Suzanne Horvath

Accueil L'histoire de la honte Les romancières hongroises
Une histoire d’honneurs et de hontes - p.55

L'idée de cette « lutte » entre l'homme et la femme, où les armes du premier sont l'orgueil, la force (physique et morale), la raison, la maîtrise de soi et last but not least, les lois, alors que la seconde riposte en subjuguant l'autre sexuellement, (afin qu'il la « prenne »!) vise à donner des apparences d'égalité aux rapports de force dans le couple. Mais qui peut y croire un instant, lorsque par moments on nous assène des vérités telles que « nous avons beau jeu à trouver ridicule ou même odieux le rôle de l'homme qui vient ainsi s'emparer de notre innocence sous prétexte que la loi nous a livrées à lui » ou « Attention, car l'homme fort, puissamment musclé, type idéal de la mâle vigueur (…) peut être luxurieux, infidèle, hypocrite et bourreau ». Nous ne devons pas imposer à l'homme nos petites tyrannies, car il est dans sa nature de se venger et ses vengeances sont pour nous très humiliantes. ( Nous possédons donc, nous aussi, notre amour-propre?)

Finalement, les incohérences submergent et envahissent le tableau. La femme est moins sensuelle en amour que l'homme qui ne pense qu'à ça tous les jours – mais en même temps elle est terriblement lascive. Elle ne pense qu'à l'amour romantique, elle ne fait que rêver de l'amour, mais pendant ce temps elle est aussi la fée du logis tout en embellissant son masque par un travail digne d'un forçat qui occupe absolument tous ses instants.

Elle n'est pas une femme fatale, mais elle est une allumeuse fascinante et voluptueuse, innocente, chaste et pudique à la fois. Elle se marie par amour, mais aussi par intérêt. Elle gagne tout en perdant. Elle séduit pour être « prise ». Elle voltige comme un papillon, mais elle vit sournoisement dans l'humiliation.

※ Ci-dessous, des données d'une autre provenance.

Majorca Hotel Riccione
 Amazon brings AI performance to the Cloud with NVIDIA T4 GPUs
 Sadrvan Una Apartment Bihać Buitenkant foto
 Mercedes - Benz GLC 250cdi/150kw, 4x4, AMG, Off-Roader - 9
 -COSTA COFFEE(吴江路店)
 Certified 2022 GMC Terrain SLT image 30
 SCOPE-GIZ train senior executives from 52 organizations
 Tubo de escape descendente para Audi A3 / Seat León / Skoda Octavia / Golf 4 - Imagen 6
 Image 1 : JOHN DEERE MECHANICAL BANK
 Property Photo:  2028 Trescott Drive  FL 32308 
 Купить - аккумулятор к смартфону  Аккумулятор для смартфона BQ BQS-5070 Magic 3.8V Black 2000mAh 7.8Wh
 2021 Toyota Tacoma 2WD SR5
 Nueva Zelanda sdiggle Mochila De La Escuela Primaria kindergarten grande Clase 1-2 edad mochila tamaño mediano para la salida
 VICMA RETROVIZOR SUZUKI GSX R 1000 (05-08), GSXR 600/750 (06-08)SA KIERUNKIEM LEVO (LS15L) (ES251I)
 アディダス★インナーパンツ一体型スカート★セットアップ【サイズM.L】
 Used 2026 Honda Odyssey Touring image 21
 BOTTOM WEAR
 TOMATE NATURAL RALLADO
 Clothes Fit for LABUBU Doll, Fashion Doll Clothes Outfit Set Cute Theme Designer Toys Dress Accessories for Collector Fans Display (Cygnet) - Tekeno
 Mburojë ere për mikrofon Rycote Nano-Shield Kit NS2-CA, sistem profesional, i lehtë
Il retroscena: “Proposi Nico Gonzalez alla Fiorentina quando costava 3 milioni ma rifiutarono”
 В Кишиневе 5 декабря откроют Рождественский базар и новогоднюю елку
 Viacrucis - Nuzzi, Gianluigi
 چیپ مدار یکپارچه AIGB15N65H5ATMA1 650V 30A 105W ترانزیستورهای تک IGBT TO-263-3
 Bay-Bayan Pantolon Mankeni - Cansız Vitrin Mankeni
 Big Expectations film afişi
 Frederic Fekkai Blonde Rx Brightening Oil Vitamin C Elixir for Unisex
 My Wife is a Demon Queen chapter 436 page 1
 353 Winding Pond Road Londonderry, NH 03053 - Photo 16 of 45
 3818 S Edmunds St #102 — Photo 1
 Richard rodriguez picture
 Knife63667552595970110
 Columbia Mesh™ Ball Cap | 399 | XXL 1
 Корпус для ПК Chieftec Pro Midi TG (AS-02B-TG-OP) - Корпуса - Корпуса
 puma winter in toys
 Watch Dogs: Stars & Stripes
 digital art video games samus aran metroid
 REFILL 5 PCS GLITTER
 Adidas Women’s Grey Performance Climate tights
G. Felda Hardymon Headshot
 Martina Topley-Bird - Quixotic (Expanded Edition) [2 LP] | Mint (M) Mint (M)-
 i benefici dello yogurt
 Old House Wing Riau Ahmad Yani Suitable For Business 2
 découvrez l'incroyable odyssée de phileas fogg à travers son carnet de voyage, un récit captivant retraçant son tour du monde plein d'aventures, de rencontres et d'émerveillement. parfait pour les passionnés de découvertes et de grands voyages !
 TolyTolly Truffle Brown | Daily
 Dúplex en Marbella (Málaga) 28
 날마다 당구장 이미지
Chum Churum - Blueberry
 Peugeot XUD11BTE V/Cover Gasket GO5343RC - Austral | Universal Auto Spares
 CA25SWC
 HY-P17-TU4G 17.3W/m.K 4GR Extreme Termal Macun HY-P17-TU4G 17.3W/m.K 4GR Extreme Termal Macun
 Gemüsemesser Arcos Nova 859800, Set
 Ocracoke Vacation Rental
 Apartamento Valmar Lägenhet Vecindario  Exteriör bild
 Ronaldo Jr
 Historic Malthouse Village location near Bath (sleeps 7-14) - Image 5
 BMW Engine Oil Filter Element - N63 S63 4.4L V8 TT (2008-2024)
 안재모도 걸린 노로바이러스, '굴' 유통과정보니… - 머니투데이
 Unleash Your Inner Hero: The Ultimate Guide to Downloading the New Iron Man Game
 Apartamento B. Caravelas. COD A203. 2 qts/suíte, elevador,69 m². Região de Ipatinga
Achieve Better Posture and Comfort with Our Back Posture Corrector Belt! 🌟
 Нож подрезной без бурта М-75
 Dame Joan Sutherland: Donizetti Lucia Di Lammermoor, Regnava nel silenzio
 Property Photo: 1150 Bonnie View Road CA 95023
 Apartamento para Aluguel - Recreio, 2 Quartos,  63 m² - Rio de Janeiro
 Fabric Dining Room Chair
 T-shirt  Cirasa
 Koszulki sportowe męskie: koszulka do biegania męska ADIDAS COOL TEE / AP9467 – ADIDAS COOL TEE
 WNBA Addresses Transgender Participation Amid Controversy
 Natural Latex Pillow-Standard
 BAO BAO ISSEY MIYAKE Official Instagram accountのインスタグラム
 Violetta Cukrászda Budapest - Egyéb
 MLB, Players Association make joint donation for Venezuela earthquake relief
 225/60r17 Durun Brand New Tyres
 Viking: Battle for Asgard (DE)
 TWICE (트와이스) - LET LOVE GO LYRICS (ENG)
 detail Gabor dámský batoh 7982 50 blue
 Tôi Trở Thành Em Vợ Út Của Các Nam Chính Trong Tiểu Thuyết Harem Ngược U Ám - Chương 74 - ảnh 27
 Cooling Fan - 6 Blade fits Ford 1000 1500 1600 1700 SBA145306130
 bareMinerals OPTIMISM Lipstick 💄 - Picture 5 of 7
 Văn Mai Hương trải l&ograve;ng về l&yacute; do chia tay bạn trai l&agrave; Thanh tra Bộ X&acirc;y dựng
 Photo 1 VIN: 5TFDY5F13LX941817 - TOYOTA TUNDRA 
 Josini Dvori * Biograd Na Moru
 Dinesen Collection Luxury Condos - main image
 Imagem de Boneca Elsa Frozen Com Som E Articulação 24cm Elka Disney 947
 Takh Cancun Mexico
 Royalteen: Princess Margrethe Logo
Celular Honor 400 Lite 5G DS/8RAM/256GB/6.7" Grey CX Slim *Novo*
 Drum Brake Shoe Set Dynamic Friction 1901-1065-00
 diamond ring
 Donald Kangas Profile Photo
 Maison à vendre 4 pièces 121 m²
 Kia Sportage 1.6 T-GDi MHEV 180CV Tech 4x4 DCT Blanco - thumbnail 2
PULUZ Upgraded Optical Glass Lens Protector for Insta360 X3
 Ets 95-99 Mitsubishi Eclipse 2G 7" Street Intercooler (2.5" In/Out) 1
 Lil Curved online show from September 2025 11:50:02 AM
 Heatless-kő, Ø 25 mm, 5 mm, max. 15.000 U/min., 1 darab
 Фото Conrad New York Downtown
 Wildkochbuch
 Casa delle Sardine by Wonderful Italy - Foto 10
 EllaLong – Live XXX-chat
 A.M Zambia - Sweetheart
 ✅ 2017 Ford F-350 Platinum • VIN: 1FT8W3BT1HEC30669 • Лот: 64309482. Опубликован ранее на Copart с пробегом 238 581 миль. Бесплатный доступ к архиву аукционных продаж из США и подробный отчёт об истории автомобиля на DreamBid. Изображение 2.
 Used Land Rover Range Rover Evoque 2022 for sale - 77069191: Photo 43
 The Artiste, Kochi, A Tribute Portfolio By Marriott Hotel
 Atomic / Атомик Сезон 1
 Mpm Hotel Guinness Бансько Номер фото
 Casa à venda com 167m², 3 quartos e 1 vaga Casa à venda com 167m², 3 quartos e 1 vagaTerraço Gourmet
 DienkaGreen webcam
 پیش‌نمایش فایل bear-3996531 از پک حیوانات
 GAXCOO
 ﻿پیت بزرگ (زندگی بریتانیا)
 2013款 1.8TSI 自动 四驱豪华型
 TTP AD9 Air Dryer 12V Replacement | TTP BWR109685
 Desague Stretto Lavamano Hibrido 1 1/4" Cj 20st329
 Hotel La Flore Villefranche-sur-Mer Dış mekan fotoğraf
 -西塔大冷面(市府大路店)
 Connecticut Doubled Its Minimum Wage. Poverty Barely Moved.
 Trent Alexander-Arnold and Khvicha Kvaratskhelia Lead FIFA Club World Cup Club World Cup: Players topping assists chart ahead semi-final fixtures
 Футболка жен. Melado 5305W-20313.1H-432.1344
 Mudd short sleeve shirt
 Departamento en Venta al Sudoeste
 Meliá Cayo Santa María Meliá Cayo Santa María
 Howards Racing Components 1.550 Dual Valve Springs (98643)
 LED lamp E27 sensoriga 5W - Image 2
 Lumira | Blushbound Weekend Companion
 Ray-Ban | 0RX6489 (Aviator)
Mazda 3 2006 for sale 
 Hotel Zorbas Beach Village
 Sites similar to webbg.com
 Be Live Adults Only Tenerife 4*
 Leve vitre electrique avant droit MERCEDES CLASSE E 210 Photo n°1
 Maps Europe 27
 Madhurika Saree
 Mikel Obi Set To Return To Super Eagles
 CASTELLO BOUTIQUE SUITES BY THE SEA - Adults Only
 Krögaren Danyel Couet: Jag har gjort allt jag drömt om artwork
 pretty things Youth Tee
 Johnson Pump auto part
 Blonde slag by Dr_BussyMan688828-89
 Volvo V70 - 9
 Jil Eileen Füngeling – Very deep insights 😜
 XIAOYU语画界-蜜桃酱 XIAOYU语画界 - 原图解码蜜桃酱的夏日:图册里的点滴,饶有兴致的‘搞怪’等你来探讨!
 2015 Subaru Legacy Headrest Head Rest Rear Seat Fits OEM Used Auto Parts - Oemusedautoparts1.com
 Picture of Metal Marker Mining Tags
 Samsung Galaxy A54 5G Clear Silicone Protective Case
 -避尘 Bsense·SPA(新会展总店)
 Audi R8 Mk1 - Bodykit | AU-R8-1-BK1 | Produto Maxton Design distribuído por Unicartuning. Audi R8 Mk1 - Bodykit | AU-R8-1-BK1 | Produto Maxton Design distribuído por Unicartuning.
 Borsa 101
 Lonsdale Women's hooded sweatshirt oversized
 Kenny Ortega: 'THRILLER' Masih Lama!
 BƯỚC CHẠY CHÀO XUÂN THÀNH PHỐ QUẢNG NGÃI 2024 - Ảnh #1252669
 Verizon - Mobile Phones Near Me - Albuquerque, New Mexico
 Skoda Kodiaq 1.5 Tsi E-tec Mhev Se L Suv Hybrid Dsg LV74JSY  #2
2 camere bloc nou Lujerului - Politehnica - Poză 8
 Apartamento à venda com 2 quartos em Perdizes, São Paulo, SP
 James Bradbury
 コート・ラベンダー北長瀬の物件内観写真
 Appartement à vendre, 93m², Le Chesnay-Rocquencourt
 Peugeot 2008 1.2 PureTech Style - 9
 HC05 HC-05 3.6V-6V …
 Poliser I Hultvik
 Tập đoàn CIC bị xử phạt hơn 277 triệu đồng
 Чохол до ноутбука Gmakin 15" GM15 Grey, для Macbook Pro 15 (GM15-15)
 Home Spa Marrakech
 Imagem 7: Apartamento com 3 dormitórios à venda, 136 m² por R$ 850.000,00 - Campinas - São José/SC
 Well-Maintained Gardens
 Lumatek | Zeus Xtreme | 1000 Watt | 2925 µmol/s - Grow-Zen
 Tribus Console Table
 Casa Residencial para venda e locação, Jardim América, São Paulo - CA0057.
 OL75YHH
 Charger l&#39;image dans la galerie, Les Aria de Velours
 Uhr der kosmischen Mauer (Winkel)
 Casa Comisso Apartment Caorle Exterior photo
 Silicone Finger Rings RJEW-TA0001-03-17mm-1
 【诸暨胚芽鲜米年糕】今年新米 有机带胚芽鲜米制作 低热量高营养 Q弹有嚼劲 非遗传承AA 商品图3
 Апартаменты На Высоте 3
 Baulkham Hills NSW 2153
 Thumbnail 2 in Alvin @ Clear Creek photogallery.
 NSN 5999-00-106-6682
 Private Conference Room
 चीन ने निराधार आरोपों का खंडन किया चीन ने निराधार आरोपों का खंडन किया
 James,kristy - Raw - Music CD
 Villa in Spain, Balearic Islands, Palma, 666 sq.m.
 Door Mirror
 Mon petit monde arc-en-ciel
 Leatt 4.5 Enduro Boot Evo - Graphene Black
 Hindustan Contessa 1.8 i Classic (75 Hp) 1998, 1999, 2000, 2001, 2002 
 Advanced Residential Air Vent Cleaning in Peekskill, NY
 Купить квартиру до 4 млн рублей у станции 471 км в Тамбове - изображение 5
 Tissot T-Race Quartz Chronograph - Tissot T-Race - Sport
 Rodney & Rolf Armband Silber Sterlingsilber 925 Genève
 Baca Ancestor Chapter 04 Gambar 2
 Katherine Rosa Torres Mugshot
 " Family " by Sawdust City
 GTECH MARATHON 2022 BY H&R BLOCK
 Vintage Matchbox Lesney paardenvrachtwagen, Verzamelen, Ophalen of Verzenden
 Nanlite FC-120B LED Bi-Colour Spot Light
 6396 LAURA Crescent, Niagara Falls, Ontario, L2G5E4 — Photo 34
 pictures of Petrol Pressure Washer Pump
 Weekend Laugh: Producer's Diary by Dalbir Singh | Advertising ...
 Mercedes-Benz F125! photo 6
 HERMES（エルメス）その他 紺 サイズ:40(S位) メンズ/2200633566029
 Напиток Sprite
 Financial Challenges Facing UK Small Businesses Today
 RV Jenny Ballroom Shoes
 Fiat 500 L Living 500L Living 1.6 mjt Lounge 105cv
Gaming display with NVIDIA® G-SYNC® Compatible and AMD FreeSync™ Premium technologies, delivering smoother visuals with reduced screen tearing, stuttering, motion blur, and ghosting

Enfin : l'amour romantique, le Grand Amour, subsiste dans le mariage – pour toute la vie !

De ces contradictions, il ressort quand-même une conclusion : la femme semble profondément malheureuse, piètre dominatrice qui doit céder en tout ; incomprise et solitaire, elle ne peut se confier à son mari malgré toutes les exhortations, car elle doit garder toujours garder son masque devant lui. L'abdication totale de sa vraie personnalité la martyrise dans le mariage, seule mode d'existence qui lui est autorisée – mais elle doit s'y résigner, s'adapter, utiliser au maximum ses ressources amoureuses, jouer au mieux son rôle. Pour quelle raison ce rôle lui a-t-il été distribué, c'est la question à la quelle nulle réponse n'est donnée dans ce livre. Mais on ne peut comprendre ses mobiles sans le replacer dans le contexte où il a été écrit ; il reçoit alors un tout autre éclairage.

1907, l'année de la parution du livre : un autre livre parut cette année même, de la plume d'un jeune homme critique littéraire à l'époque. Il s'appelle Léon Blum et le livre s'intitule « Du mariage ». L'auteur s'y insurge avec une véhémence qui n'a d'égale que dans le livre écrit quelques vingt ans plus tôt par Tolstoï dans La sonate à Kreutzer contre l'institution barbare dans les pays civilisés où l'on jette au cours de la nuit de noces des vierges apeurées sans aucune expérience sexuelle préalable dans les bras d'hommes qui n'ont connu jusqu'alors que l'école des prostituées. Léon Blum y préconise sa solution : chacun de son côté, homme et femme, devrait vivre librement, c'est-à-dire en pratiquant l'amour libre, en changeant de partenaires, jusqu'à l'âge de trente ans environ. A ce moment-là, le temps de fonder un foyer stable est advenu pour pouvoir élever convenablement les enfants. Le livre fit scandale à l'époque.